OpenAQ Transform

A Typescript library for transforming air quality data sources into a single standardized output.

Warning

OpenAQ Transform is a work in progress and may contain breaking changes until reaching a 1.0.0 version

Overview

OpenAQ transform provides a declarative configuration layer to solve common tasks for transforming, normalizing and reshaping air quality measurement data.

Core Concepts

Client

The Client class is the main entry point for defining how Transform fetches, parses, and processes data from an external source. To connect a new data source, you extend one of the platform-specific subclasses such as NodeClient and configure it by setting properties on the class.

At minimum a client needs a provider name and a resource to fetch from:

export class Client extends NodeClient {
  provider = 'example';
  resource = new Resource({ url: 'https://api.example.com/data' });
}

Calling client.load() on an instance will fetch the resource, parse the response, and return the processed data in a format ready for ingestion.

For sources that expose separate endpoints for locations and measurements, resource can be an indexed object. Each key maps to a named resource, and the results are accumulated and made available to subsequent resource reads via DataContext:

export class Client extends NodeClient {
  provider = 'example';
  resource = {
    locations: new Resource({ url: 'https://api.example.com/locations' }),
    measurements: new Resource({ url: 'https://api.example.com/measurements' }),
  };
}

The reader and parser properties control how each resource is fetched and transformed. The values default to "api" and "json" respectively, which covers most REST APIs returning JSON. Custom readers and parsers can be provided as functions, or as indexed objects to use different strategies per resource.

Resource

The Resource class defines an external data source, either a remote URL or an uploaded file, and provides it to a reader along with any configuration needed to fetch it.

new Resource({
  url: 'https://api.example.com/data'
})

File resources

A Resource can also wrap an uploaded File object. Note that parameters and body cannot be used with file resources.
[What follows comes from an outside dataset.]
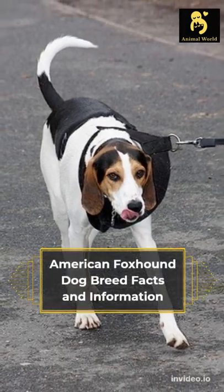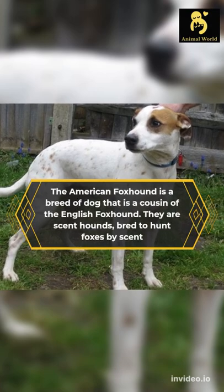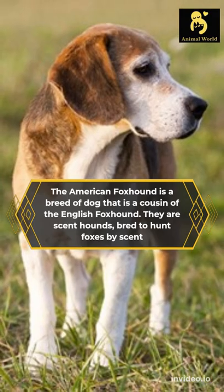American Foxhound dog breed facts and information. The American Foxhound is a breed of dog that is a cousin of the English Foxhound. They are scent hounds, bred to hunt foxes by scent.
new Resource({ file: uploadedFile })

Parameters

The parameters option generates one URL (and optional body) per parameter object. In its simplest form it is a static array:

new Resource({
  url: 'https://api.example.com/data?page=:page',
  parameters: [{ page: 1 }, { page: 2 }, { page: 3 }]
})

Parameters can also be a function that receives the accumulated DataContext, the combined result of all previously loaded resources, and returns an array of parameter objects. This allows later resources to be parameterised using values fetched by earlier ones:

new Resource({
  url: 'https://api.example.com/locations/:id/measurements',
  parameters: (d) => d.locations.map(location => ({ id: location.id }))
})

Parameters can also be a JMESPath expression evaluated against the same DataContext:

new Resource({
  url: 'https://api.example.com/locations/:id/measurements',
  parameters: { type: 'jmespath', expression: 'locations[*].{id: id}' }
})

Body

For HTTP POST requests, body accepts a string, URLSearchParams, or FormData. Template variables in the body are substituted using the same:key syntax as the URL:

new Resource({
  url: 'https://api.example.com/data',
  body: JSON.stringify({ station: ':station' }),
  parameters: [{ station: 'ABC' }, { station: 'DEF' }]
})

Properties

Property	Type	Default	Description
`url`	`string`		URL template with optional `:key` placeholders
`file`	`File`		Uploaded file object. Mutually exclusive with `url`
`parameters`	`Parameters[] \| function \| PathExpression`		Generates one request per parameter object
`body`	`string \| URLSearchParams \| FormData`		Request body for POST requests. URL resources only
`output`	`"array" \| "object"`		How to combine responses from multiple URLs. See API reader
`readAs`	`"json" \| "text" \| "blob"`		Overrides content-type detection
`strict`	`boolean`	`false`	If `true`, throws on first error. If `false`, errors are passed to `errorHandler`

Readers

Transform provides built-in readers to handle common methods of fetching data including HTTP calls using the fetch API and file-based interfaces for Node.js using fs.readFile or file uploads in the browser through the File API.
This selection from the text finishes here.